Si les onze centrales à gaz du pays ne représentent qu’une faible part de la production d’électricité, 7 % l’an dernier, cette source d’énergie est cruciale pour assurer l’équilibre du réseau électrique. Le principal atout du gaz, c’est sa flexibilité. Le gaz est aussi stockable, ce qui, en attendant la généralisation des technologies de stockage de l’électricité qui sont encore émergentes, le rend indispensable.

Son principal défaut, est qu’il contribue au réchauffement climatique. L’usage du gaz est aussi corrélé à sa disponibilité (gaz russe) et à l’impact de la taxation carbone. D’où la nécessité de l’utiliser pour des demandes en pointe sur le réseau. La dernière PPE n’avait prévu aucune nouvelle capacité de production hormis la centrale de Landivisiau (Finistère). Il faudrait pourtant envisager la construction rapide d’au moins une dizaine de GWe de puissance installée supplémentaire pour pallier les phénomènes d’intermittence liés au EnR.

Charbon

Le président s’est engagé à la fermeture des dernières centrales à charbon qui servent essentiellement à la production d’énergie de pointe, ou à ce que ces centrales soient reconverties en centrales à biomasse. RTE propose de les prolonger si la sécurité d’approvisionnement était menacée. En cohérence avec l’objectif de décarbonation global du secteur énergétique, la fermeture de la centrale Emile-Huchet devait intervenir à la fin du mois de mars 2022. Mais a finalement été reportée à 2023 afin que la centrale puisse contribuer à la sécurité d’approvisionnement au cours l’hiver 2022-2023. Pour la centrale de Cordemais (Loire-Atlantique), un projet de conversion est déjà acté. Ces centrales représentent 1,8 GWe.

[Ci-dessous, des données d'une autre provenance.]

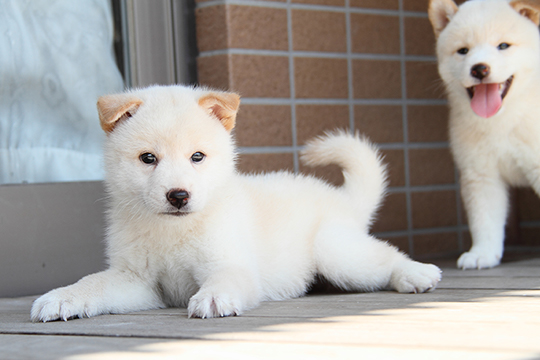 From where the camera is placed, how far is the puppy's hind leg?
2299 mm

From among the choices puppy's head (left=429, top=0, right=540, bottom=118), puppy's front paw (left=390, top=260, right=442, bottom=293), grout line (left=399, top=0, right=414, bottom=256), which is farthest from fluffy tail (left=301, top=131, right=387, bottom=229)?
grout line (left=399, top=0, right=414, bottom=256)

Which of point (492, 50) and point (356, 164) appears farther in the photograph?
point (492, 50)

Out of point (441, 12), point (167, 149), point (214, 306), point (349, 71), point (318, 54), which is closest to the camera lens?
point (214, 306)

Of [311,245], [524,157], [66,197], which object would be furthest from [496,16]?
[66,197]

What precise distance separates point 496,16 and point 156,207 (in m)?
2.02

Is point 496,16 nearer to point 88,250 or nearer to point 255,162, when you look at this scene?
point 255,162

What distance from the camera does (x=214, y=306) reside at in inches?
71.8

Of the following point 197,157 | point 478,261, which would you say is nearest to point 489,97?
point 478,261

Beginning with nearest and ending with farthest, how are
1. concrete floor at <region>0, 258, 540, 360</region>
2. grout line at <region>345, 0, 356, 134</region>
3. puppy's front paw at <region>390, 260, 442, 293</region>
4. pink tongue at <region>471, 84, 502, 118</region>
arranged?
concrete floor at <region>0, 258, 540, 360</region>, puppy's front paw at <region>390, 260, 442, 293</region>, pink tongue at <region>471, 84, 502, 118</region>, grout line at <region>345, 0, 356, 134</region>

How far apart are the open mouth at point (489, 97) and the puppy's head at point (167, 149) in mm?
1414

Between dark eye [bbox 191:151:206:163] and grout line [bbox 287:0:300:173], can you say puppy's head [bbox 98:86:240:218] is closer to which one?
dark eye [bbox 191:151:206:163]

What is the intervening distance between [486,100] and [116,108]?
6.03 feet

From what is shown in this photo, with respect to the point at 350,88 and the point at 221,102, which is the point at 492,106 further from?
the point at 221,102

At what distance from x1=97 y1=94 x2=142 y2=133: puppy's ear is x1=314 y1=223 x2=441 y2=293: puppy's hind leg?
0.81 metres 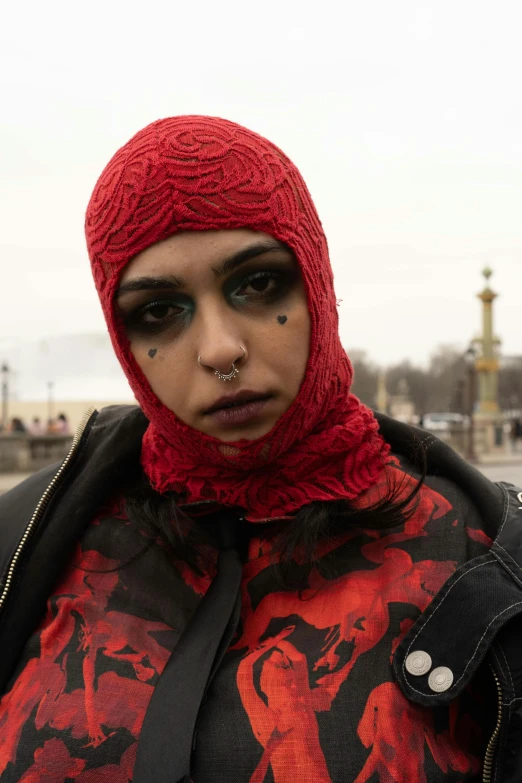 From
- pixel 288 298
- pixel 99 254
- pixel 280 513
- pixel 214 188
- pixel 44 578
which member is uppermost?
pixel 214 188

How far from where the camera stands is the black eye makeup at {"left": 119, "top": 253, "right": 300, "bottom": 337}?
1.94 meters

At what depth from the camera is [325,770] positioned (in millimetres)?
1648

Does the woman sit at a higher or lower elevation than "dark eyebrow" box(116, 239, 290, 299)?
lower

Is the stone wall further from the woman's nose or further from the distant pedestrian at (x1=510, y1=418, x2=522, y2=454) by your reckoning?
the distant pedestrian at (x1=510, y1=418, x2=522, y2=454)

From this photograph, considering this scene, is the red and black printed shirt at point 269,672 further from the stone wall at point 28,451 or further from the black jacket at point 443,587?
the stone wall at point 28,451

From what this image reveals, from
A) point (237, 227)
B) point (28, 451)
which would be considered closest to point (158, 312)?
point (237, 227)

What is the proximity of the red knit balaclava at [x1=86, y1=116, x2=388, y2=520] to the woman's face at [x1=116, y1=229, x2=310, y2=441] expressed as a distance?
26 millimetres

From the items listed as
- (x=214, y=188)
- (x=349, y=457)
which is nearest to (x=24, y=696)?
(x=349, y=457)

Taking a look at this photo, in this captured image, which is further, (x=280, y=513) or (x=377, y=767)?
(x=280, y=513)

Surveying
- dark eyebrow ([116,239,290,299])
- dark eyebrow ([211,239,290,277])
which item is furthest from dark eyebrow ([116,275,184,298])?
dark eyebrow ([211,239,290,277])

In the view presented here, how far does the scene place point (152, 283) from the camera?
192cm

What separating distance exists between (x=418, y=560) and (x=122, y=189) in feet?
3.96

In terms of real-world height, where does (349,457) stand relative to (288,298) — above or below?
below

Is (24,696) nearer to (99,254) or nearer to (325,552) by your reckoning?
(325,552)
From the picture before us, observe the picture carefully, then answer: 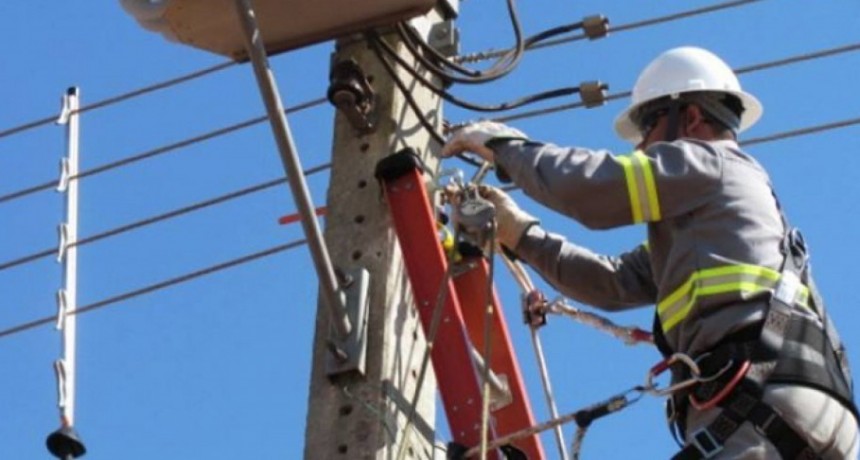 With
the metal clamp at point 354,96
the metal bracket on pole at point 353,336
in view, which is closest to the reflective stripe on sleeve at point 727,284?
the metal bracket on pole at point 353,336

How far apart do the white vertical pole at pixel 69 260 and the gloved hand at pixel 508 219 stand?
137cm

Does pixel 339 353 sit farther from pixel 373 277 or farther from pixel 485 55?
pixel 485 55

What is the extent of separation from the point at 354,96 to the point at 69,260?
5.51 ft

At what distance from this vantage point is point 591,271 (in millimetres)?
6699

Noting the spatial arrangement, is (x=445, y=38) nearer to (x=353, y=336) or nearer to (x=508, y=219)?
(x=508, y=219)

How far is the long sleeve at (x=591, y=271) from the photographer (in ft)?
21.8

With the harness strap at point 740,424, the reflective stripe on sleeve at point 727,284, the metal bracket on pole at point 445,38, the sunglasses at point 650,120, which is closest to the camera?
the harness strap at point 740,424

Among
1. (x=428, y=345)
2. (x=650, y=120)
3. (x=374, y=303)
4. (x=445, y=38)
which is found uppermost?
(x=445, y=38)

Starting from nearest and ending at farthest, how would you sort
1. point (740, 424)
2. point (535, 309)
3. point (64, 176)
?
point (740, 424) < point (535, 309) < point (64, 176)

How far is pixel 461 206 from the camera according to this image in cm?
618

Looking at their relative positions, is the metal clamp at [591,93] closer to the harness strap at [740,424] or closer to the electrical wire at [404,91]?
the electrical wire at [404,91]

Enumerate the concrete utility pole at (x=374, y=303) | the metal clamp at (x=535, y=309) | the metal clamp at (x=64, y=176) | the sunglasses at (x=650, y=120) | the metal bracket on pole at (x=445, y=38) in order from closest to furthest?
the concrete utility pole at (x=374, y=303)
the sunglasses at (x=650, y=120)
the metal clamp at (x=535, y=309)
the metal bracket on pole at (x=445, y=38)
the metal clamp at (x=64, y=176)

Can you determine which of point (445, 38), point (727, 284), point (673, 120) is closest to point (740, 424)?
point (727, 284)

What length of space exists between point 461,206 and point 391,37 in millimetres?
872
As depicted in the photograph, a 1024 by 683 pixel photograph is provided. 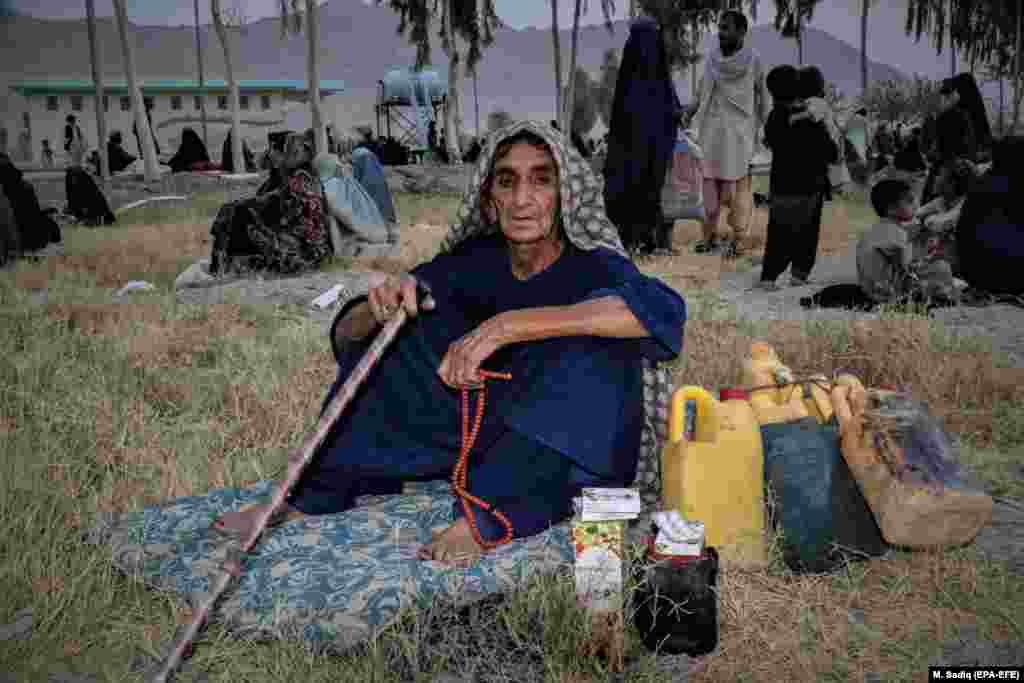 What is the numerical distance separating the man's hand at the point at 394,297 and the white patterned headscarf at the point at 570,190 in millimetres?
322

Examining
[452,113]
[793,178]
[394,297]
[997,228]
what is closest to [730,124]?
[793,178]

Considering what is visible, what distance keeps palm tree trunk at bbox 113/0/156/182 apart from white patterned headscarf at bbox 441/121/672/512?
17342mm

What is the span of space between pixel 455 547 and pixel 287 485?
1.50 ft

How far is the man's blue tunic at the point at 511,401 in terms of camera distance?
89.5 inches

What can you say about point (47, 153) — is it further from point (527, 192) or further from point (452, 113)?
point (527, 192)

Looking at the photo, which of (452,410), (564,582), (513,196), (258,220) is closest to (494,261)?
(513,196)

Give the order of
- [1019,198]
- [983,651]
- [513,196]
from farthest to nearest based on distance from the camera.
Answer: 1. [1019,198]
2. [513,196]
3. [983,651]

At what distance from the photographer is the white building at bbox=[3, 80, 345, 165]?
1428 inches

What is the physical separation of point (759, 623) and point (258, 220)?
605cm

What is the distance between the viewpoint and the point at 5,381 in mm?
3875

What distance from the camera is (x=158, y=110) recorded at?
130 ft

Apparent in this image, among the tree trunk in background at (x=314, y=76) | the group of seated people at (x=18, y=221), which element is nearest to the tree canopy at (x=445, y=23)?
the tree trunk in background at (x=314, y=76)

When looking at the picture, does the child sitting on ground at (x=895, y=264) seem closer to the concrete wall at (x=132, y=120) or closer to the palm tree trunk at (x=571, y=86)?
the palm tree trunk at (x=571, y=86)

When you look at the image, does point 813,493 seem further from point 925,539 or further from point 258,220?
point 258,220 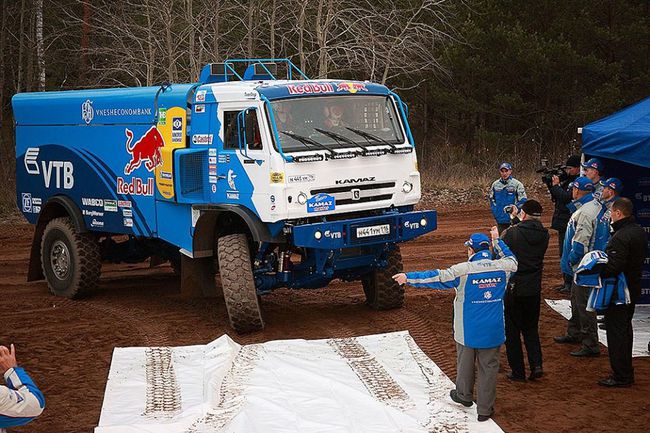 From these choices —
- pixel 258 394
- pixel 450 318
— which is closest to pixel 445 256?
pixel 450 318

V. Recommandations pour un meilleur fonctionnement du marché de l’électricité

La crise de l’énergie nous a rappelé combien la question du prix est un point capital à la fois pour les entreprises et pour les ménages.

En 2022, le prix hors TVA de l’électricité pour les entreprises a augmenté de 23 % en moyenne pour atteindre 130 €/MWh (+ 49 % en Europe). Les entreprises françaises ont bénéficié, en moyenne, de prix de l’électricité inférieurs de 37 % avec l’Allemagne. Pour les ménages, les prix ont augmenté de 7 % toutes taxes comprises de l’électricité contre 14 % dans l’Union européenne. La situation actuelle, avec un prix de l’électricité plus faible en France qu’en Allemagne, doit être considérée comme l’un des avantages compétitifs de notre pays et doit être préservé. Les augmentations des coûts de l’énergie sont fortement ressenties par les ménages et constituent un risque vital pour les entreprises : des usines d’aluminium, des gigafactories ou des data centers ne resteront pas en France si le prix de l’électricité y est significativement plus élevé qu’ailleurs.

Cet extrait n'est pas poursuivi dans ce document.